そして新しく出会う人たちとのふれあい、事件。


     4

 パルを寝かしつけ、アイル邸を出たのはもう夜中だった。間もなく日付が変わるだろう。
 明日の仕事のため、カルザスとレニーは家路を急ぐ。
「パルさんの傷のお加減はどうですか?」
「心の傷を含めて、結構酷いな。あちこち殴られもしたらしい。体中に青痣があるよ。フィックスって奴は相当陰湿なクソ野郎だな」
 パルの小さな体を弄んだだけでなく、暴力まで振るうとは。レニーは事件の時を思い出し、怒りに震える。
「まだ小さいのに、お可哀想に……」
「おれを追っかけてこようとしなければ、こんなことにはならなかったんだけどな」
「それはもう言わないでください。僕も責任を感じます」
 レニーがパルを遠ざけようとした時、カルザスが止めていれば。パルのレニーに対する親愛は、彼も充分承知していたからこそ、レニーが自分を責めるたびに、彼の心もチクリと痛む。
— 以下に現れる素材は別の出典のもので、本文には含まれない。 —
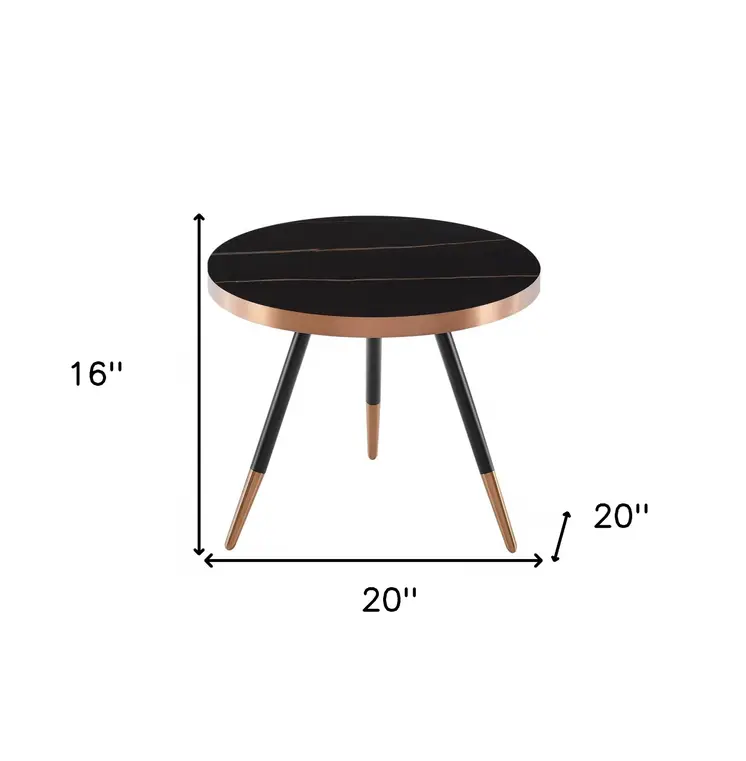 20" Black and Gold Faux Marble And Metal Round Coffee Table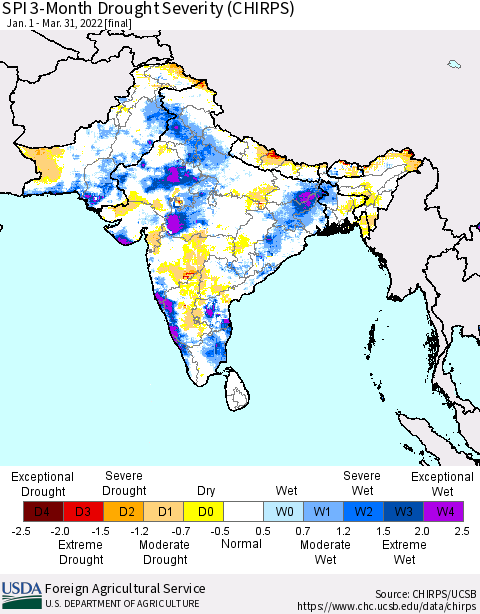 Southern Asia SPI 3-Month Drought Severity (CHIRPS) Thematic Map For 1/1/2022 - 3/31/2022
「もし、さ。フィックスの野郎が、パルを犯《や》って、用済みとばかりに殺してたら……おれはカルザスさんとの約束を守れなかったかもしれない」
「四肢と首が折られていて、生きていることが不思議なくらいでした。後始末は任せてくださいとは言いましたけど、あれはさすがに驚きましたよ」
「ごめん。逆上しすぎて、やりすぎたとは思う。けど、反省する気はない。パルはそれ以上の辛い思いをしたんだからな」
 レニーはふいに、悲しそうに瞼を伏せて、カルザスを見つめる。
「なぁ、カルザスさん。おれ、パルはセルトの生まれ変わりかもしれないって言ったけど……こういう考え方はやっぱ良くないかな? パルはパルだし、セルトじゃない。おれはパルにもセルトにも酷いことをしてるのかな?」
「……難しく考えることはないと思います。今のままでいいんじゃないでしょうか? たしかにセルトさんの幻影を重ねてしまうことはあるかもしれませんが、あなたはパルさんをパルさんとして、ちゃんと慈しんでいるのでしょう? なら、それは間違いではないと思います」
「そうかな?」
「パルさんをセルト、なんて呼んでしまったら、そこはさすがにいけないとは思いますが、幻を重ねていても、別人であると認識はできているんですよね?」
「ああ」
「でしたら何も問題ないじゃないですか。パルさんはレニーさんの新しい生きがいであり、護るべき対象となったんです。過去の罪を清算しつつ、パルさんの幸せを願って慈しんであげることこそ、これからレニーさんがすべきことですよ」
 カルザスはそう断言し、あっと口元に手を当てた。
「僕なんかが偉そうに言える立場ではありませんでした。すみません」
「ううん。カルザスさんの話のお陰で、ちょっと気持ちのモヤモヤが晴れた」
 レニーはふっと表情を和らげる。
「おれ、パルをもっともっと可愛がって、愛してやるよ。パルはおれの運命だから」
 レニーは自らが進むべき、これからの人生に、パルという光明を見出した。そして幸せそうに薄く笑う。
 彼に再び生きる気力が湧いてきたのだと改めて感じ取り、カルザスも嬉しそうに微笑んだ。